Update: Cadence Completes Acquisition of Tensilica (Apr 24, 2013)
Provides the Highest Productivity Configurable Processor Design Environment with More Options, Flexibility and Automation
Santa Clara , CA, December 10, 2007 — Tensilica, Inc. today announced that that it has upgraded its two Xtensa® configurable processor families (the Xtensa 7 and Xtensa LX2) with new hardware options and software tool enhancements that make it appeal to an even wider audience of SOC (system-on-chip) designers. Highlights of these capabilities include a new, smaller general purpose register file option, new integer multiplier and divider execution unit options, two new AMBA™ (Advanced Microcontroller Bus Architecture 3.0) bridge options, as well as an easy-to-use new configuration tool that analyzes source C/C++ code and automatically suggests VLIW (very long instruction word) instruction extensions that lead to 30-60 percent improvements in general purpose code performance. These new capabilities provide designers with the most productive configurable processor design environment, with automated features that ensure each processor design is correct by construction.
“This new product generation represents a significant enhancement of our Xtensa processor line in three dimensions – in support of even leaner deeply embedded ‘data engine’ configurations, in richer high-end system support, and in significantly enhancing our processor analysis, modeling, and software tools,” explained Chris Rowen, Tensilica’s president and CEO. “Our Xtensa processors are already widely demanded. These advances both help existing Xtensa users design more sophisticated SOCs and enable new designers to get the full benefits of configurable processors with less design effort and design time than ever before.”
Steve Roddy, Tensilica’s vice president of marketing added, “The Xtensa configurable processor architecture is so flexible that it is currently in production in functions as varied as a simple cacheless controller, a mid-range Linux applications processor, a high-performance 3-issue VLIW general purpose processor, an audio DSP (digital signal processor), a video DSP engine, high performance image processors, and high performance network processors. No other processor architecture comes close to matching this versatility.”
New Hardware Options
The five most significant new hardware options introduced by Tensilica include: a 16-entry register file, a relocatable exception vector option, a low-area multiplier, an integer divider, and new AMBA-compatible bridges.

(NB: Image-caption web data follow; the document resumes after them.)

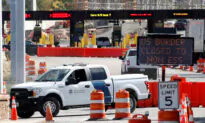 Restrictions at US Land Borders With Canada, Mexico Extended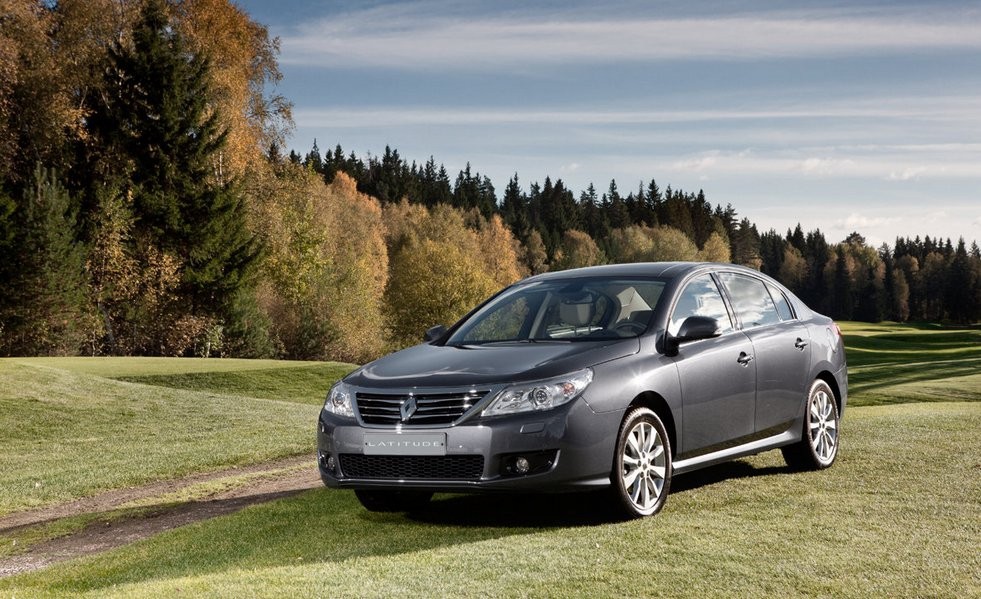 Latitude's. Renault Latitude. Машина Рено Латитьюд. Рено Латитьюд 2021. Рено Латитьюд 2020.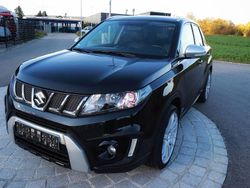 Schwarz Gebraucht 2016 Suzuki Vitara SUV | 15.300 € (Fairer Preis)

First, Tensilica added support for a smaller 16-entry main register file in the Xtensa processor, in addition to the existing support for 32-entry and 64-entry configuration options. This enables the instantiation of a very small processor core that competes in area and power with 8-bit and 16-bit microcontrollers and yet provides the performance, flexibility, and features of a 32-bit controller.
Second, by adding support for relocatable exception vectors, Tensilica is enabling customers to change the memory location of exception and interrupt handlers in software post-silicon. This gives more flexibility to the SOC designer and eases system design.

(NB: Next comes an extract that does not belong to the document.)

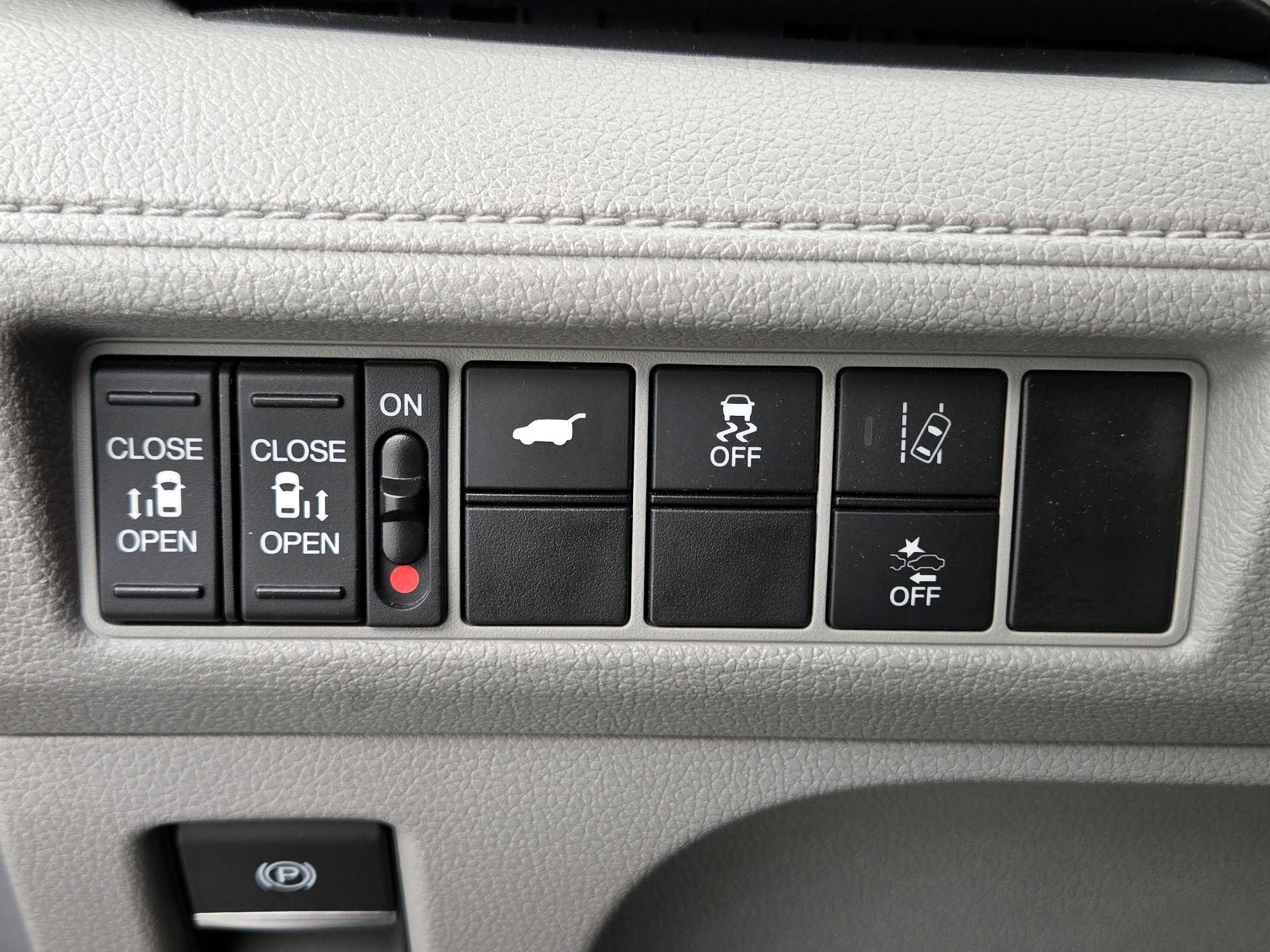 Thumbnail: 2019 Honda Odyssey - 13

Third, Tensilica added a low-area, multi-cycle 32x32 multiplier configuration option, which enables the design of an Xtensa configuration that is very small in area, but still has good performance on multiply-rich applications, such as MP3 decoding. This gives designers a new choice that is more area efficient than the existing single-cycle, fully-pipelined 32-bit and 16-bit multiplier configuration choices and still much higher performance than pure software emulation of multiply instructions.
Fourth, Tensilica added a low-area divider configuration option, requiring only about 4000 gates. This provides a standardized and powerful way to boost performance on numerically intensive applications such as those running on GPS (global positioning satellite) controllers and real-time control code applications that are typical of servo, motor and engine control.
Finally, Tensilica added the AMBA 3 AXI bridge as a click-box configuration option. This, in addition to the existing AMBA 2 AHB-lite (Advanced High-performance Bus-lite) bridge option, allows designers to seamlessly drop Xtensa processors into AMBA-based systems and eases the use of Xtensa processors with other AMBA peripherals.
Software Tools Enhancements
Tensilica made many significant enhancements to its software development toolkit and the Eclipse-based Xtensa Xplorer™ design environment to make it even easier and faster for designers who have never used configurable processors before. The most important of the processor configuration tool enhancements is the automated Flexible Length Instruction Extension (FLIX) generator for Xtensa LX2, which profiles a designer’s target C code and suggests VLIW instruction specifications that can significantly accelerate the most critical code. By allowing two or three instructions to execute simultaneously, FLIX allows an Xtensa LX2 processor to act as a 2- or 3-issue VLIW CPU.
Designers can accelerate general purpose code between 40-60 percent by using simple, general purpose VLIW instructions. This tool eliminates the need for the designer to analyze the code for areas that can be sped up in this way, significantly speeding the design experience. After the processor core has been created using these new VLIW instructions, software developers programming the Xtensa core need only use the standard Xtensa C/C++ Compiler (XCC), which automatically extracts the instruction-level parallelism from C/C++ code and bundles operations into VLIW instructions whenever possible. So, the programmer does not have to modify the application C/C++ code to take advantage of the VLIW instruction extensions to speed up the code.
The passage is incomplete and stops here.